Our project group is stuck with this question and nobody seems to have clue so far.
Let $f(x)=-8+2\sqrt{x}$. Then the expression $\frac{f(x+h)-f(x)}{h}$ can be written of the form $\frac{A}{(\sqrt{Bx+Ch})+(\sqrt{x})}$, where $A, B,$ and $C$ are constants. (Note: It's possible for one or more of these constants to be $0$. Find the constants. Use your answer from above to find $lim_{h \to 0}\frac{f(x+h)-f(x)}{h}$. Finally, find $f'(1), f'(2),$, and $f'(3)$.

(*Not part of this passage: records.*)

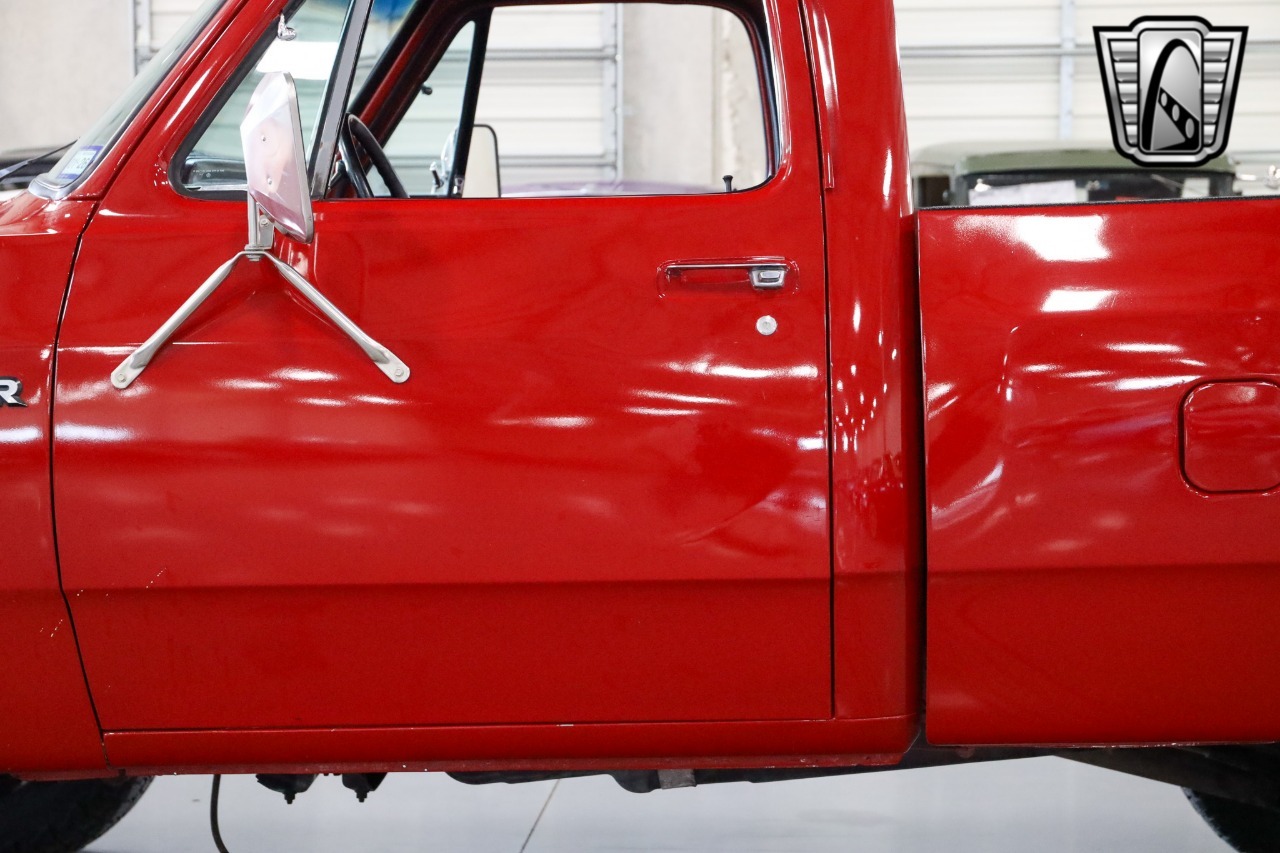 1984 Dodge W150 Prospector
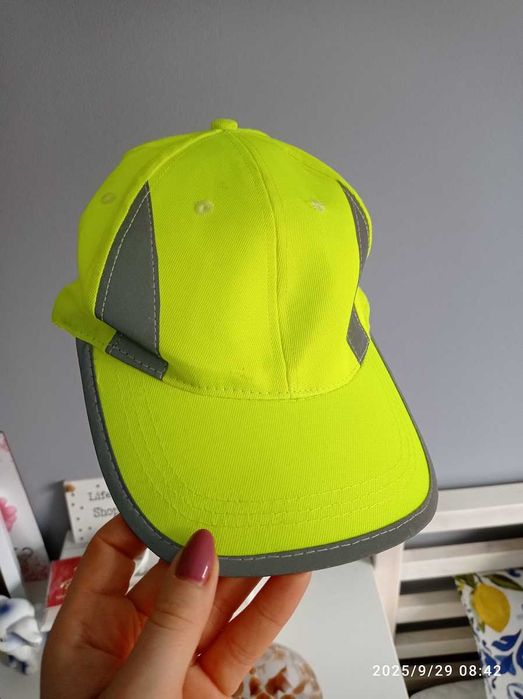 czapka z daszkiem odblaskowa
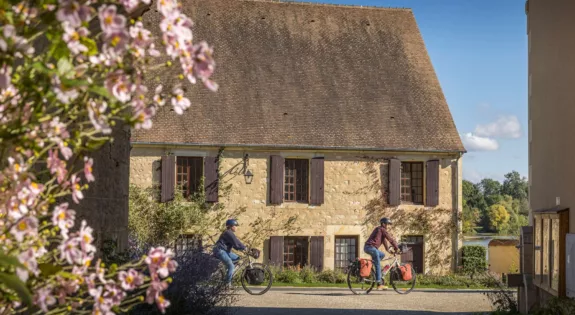 Apremont sur Allier village Sud Berry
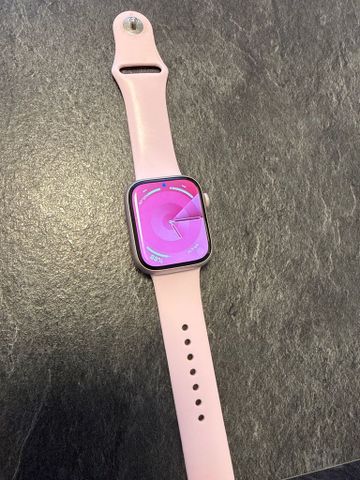 Apple watch 45 esim  9 שעון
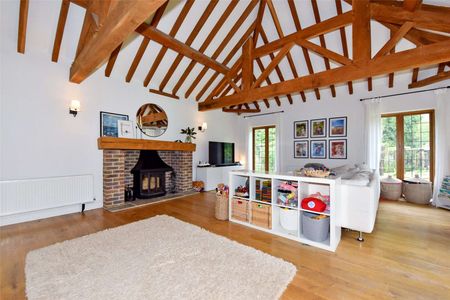 A rarely available and substantial family home in a private position in sought after Maidens Green. - Photo 5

Could somebody help out here?
Thank you.
First of all, plug the function into the definition of the derivative. You should end up with a limit which goes to $\frac{0}{0}$. Now you need to start playing around with the numbers to get it into a more useful form. An important trick for a problem like this is the following: $$\sqrt{a}-\sqrt{b} = (\sqrt{a}-\sqrt{b})*1= (\sqrt{a}-\sqrt{b})*(\frac{\sqrt{a}+\sqrt{b}}{\sqrt{a}+\sqrt{b}})$$ Now, by simply multiplying out the above expression, you find that $$\sqrt{a}-\sqrt{b} = \frac{a-b}{\sqrt{a}+\sqrt{b}}$$
Try to use that type of reasoning to get a limit of the form the question asks for.